CS230 • Deep Reinforcement Learning
- Motivation
- A Gentle Introduction to Reinforcement Learning
- Deep Q-Learning
- Applications of Deep Q-Learning
- Training Tricks in Deep Q-Learning
- Exploration vs. Exploitation
- Advanced Topics in Deep Reinforcement Learning
- Citation
Motivation
- Deep Reinforcement Learning (Deep-RL) lies at the intersection of two powerful paradigms: Reinforcement Learning (RL), which provides a framework for sequential decision-making under uncertainty, and Deep Learning (DL), which offers rich function approximation capabilities in high-dimensional spaces. Landmark achievements like AlphaGo and Deep Q-Networks helped propel Deep-RL into the spotlight—so let’s explore these breakthroughs in detail.
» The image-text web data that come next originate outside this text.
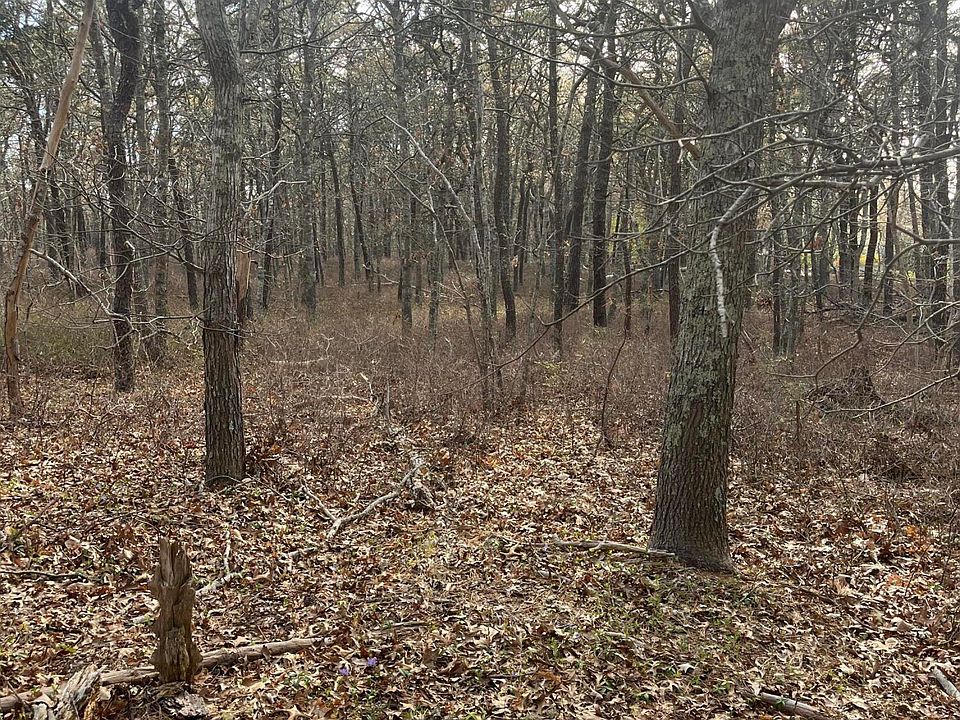 2nd image of 37 Cyprus Road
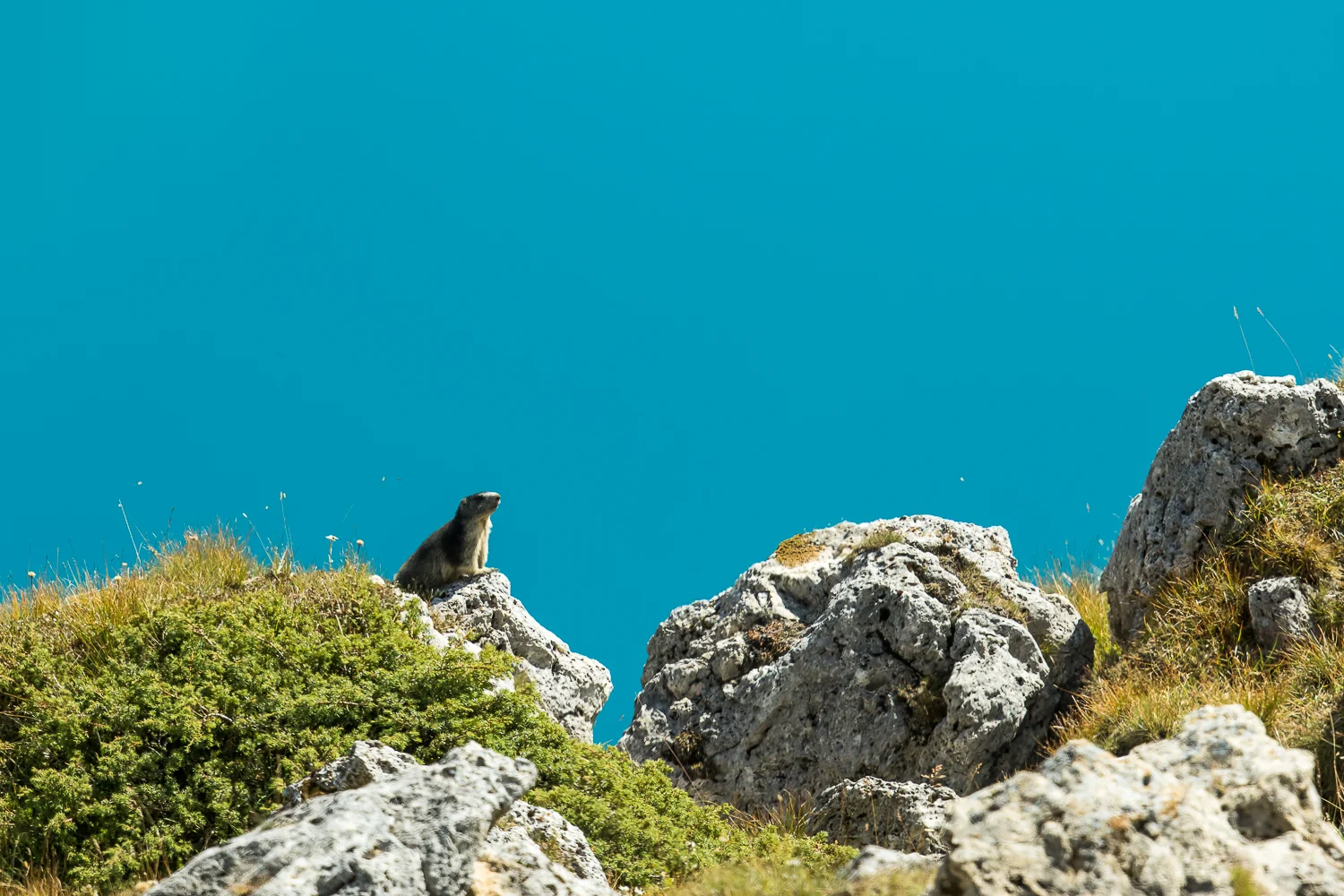 En plein jour le lac de Moiry brille en turquoise... et non, ce n'est pas le ciel photoshopé!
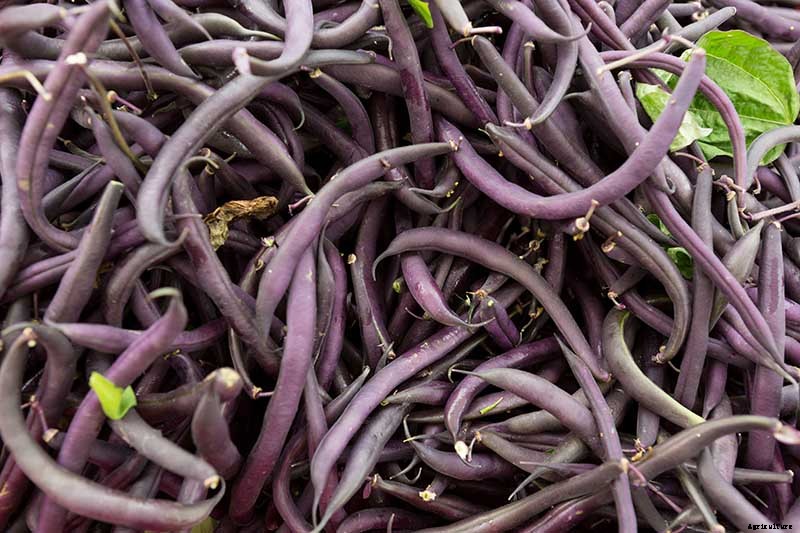 35 of the Best Bush Bean Varieties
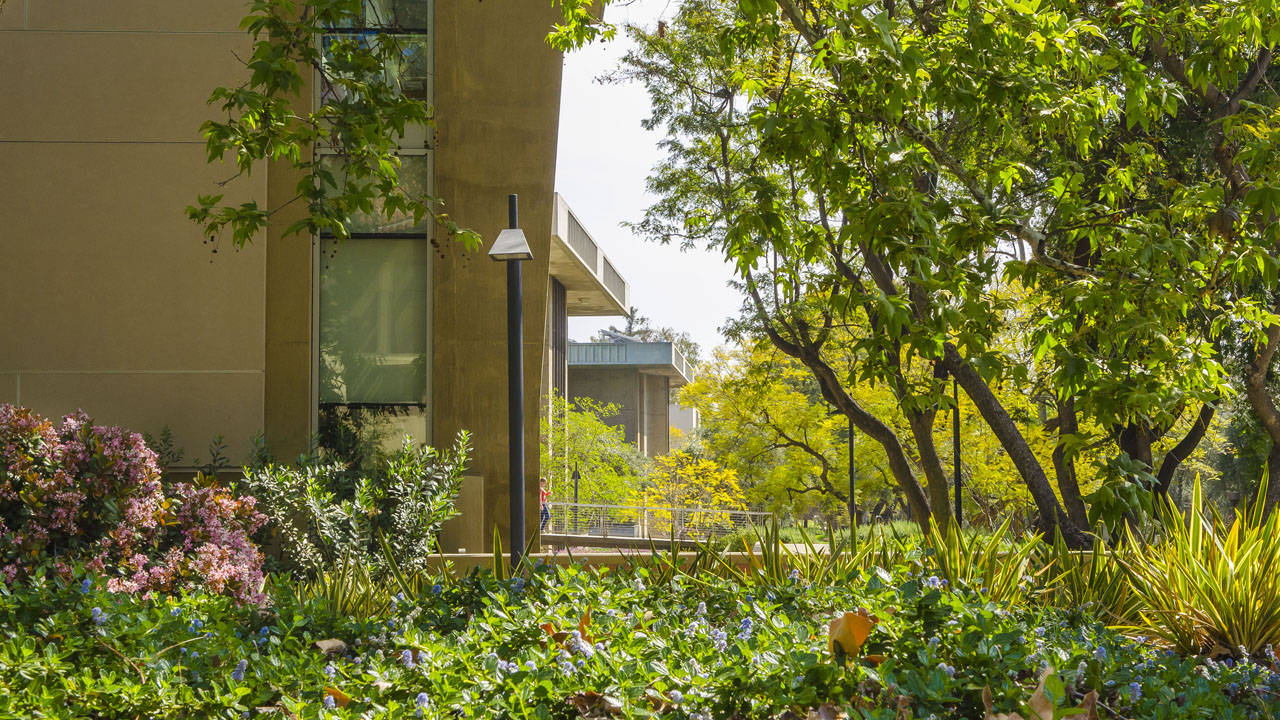 Lámparaen El Jardín De Caltech Fondo de pantalla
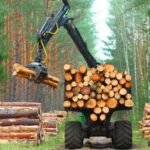 Lumber Industry Innovations And Sustainability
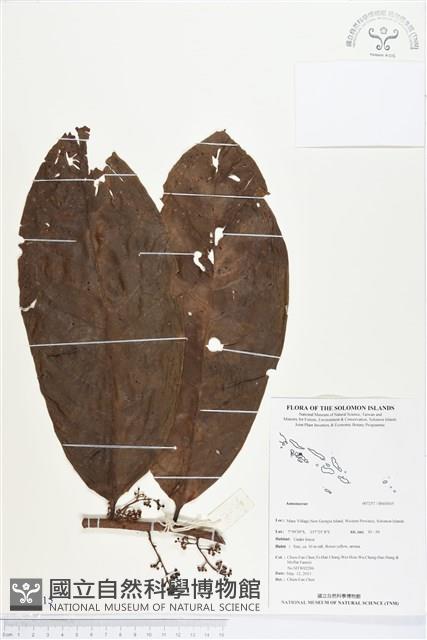 登錄號:BS03015藏品圖，第1張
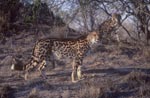 Two king cheetahs check the situation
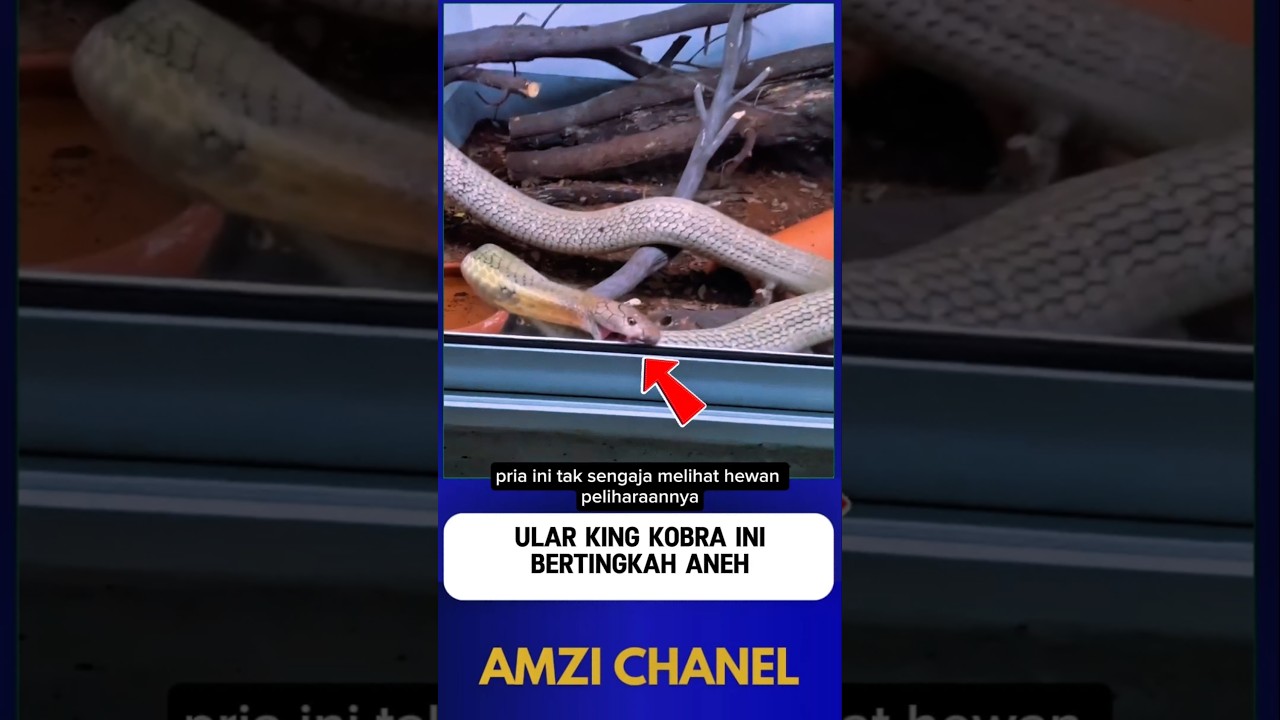 ULAR KING KOBRA BERTINGKAH ANEH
AlphaGo: A Breakthrough in Sequential Decision-Making
-
AlphaGo, developed by DeepMind, became the first program to defeat a world champion Go player, Lee Sedol, in 2016—an event that marked a milestone in AI history. Go had long been considered a particularly “AI-hard” domain.
-
The game’s complexity stems from its enormous state space and strategic depth:
- Played on a \(19 \times 19\) board.
- Each intersection may hold a black stone, a white stone, or be empty, yielding roughly \(3^{19\times19} \approx 10^{172}\) possible configurations.
- The branching factor and delayed rewards make this game intractable for conventional search-based systems.
-
The success of AlphaGo hinges on combining deep neural networks with intelligent search.
-
The following figure (source) illustrates AlphaGo’s two-network framework—policy network guiding move selection and value network evaluating board positions—coupled with Monte Carlo Tree Search (MCTS) to achieve master-level Go play:
- AlphaGo initially used supervised learning to imitate strong human games, then improved through self-play using reinforcement learning to iterate on both networks.
Human-Level Control via Deep Reinforcement Learning
-
A year before AlphaGo’s breakthrough, DeepMind introduced the Deep Q-Network (DQN), which demonstrated super-human performance in numerous Atari 2600 video games—all from raw pixel input and without human-crafted features.
-
The DQN replaced the Q-table with a deep convolutional neural network—processing visual input, representing the state, and predicting Q-values for each action.
-
Here is a schematic of the DQN’s architecture, showcasing the convolutional layers processing game frames and the final outputs estimating action values:
-
The following figure (source) shows the CNN-based Deep Q-Network (DQN) architecture for Atari games, mapping stacked frames to Q-value outputs for each action.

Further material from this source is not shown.